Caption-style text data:
= Beginning of Section =
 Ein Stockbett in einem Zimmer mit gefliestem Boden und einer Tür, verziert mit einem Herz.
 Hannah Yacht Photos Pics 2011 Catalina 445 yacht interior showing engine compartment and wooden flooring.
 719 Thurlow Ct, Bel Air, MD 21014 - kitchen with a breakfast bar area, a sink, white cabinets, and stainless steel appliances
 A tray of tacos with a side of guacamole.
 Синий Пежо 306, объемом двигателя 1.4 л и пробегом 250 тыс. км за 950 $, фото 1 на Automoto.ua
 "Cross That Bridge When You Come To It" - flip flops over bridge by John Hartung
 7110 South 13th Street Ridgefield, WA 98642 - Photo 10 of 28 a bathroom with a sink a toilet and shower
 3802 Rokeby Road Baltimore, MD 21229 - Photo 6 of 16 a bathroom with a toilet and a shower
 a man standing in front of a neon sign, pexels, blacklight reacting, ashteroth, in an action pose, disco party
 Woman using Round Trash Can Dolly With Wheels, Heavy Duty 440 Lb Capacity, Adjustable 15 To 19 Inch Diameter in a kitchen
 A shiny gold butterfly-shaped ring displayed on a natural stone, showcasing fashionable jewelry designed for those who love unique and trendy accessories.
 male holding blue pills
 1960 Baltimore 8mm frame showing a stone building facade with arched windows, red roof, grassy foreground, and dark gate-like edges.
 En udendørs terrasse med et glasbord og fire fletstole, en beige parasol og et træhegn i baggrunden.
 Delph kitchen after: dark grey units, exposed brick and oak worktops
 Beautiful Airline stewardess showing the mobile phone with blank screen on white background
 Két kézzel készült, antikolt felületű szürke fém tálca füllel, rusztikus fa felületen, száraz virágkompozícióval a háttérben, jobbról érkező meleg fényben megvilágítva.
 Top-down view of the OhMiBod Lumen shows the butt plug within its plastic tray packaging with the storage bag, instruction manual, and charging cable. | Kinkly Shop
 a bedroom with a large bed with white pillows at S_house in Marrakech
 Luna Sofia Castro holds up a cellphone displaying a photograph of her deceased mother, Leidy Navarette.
= End of Section =
The answer must be all the lines above that hold the word "tray".

 A tray of tacos with a side of guacamole.
 Top-down view of the OhMiBod Lumen shows the butt plug within its plastic tray packaging with the storage bag, instruction manual, and charging cable. | Kinkly Shop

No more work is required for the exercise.